__WORK INSTRUCTION__.
From the listing below, set down exactly each line beginning with the one containing "Giay Adidas Adizero" and ending with the last.

__SUPPLIED RECORDS__.
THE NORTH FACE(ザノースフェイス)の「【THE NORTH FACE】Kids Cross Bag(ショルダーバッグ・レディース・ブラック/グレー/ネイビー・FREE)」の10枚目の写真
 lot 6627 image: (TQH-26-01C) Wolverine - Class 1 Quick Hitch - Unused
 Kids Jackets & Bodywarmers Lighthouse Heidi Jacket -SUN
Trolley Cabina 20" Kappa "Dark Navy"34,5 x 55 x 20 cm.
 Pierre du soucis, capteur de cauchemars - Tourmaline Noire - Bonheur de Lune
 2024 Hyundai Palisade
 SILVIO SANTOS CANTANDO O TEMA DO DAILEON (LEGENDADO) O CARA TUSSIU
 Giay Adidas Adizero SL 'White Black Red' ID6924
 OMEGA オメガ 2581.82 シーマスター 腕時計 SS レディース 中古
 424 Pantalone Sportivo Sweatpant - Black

__ANSWER SECTION__.
 Giay Adidas Adizero SL 'White Black Red' ID6924
 OMEGA オメガ 2581.82 シーマスター 腕時計 SS レディース 中古
 424 Pantalone Sportivo Sweatpant - Black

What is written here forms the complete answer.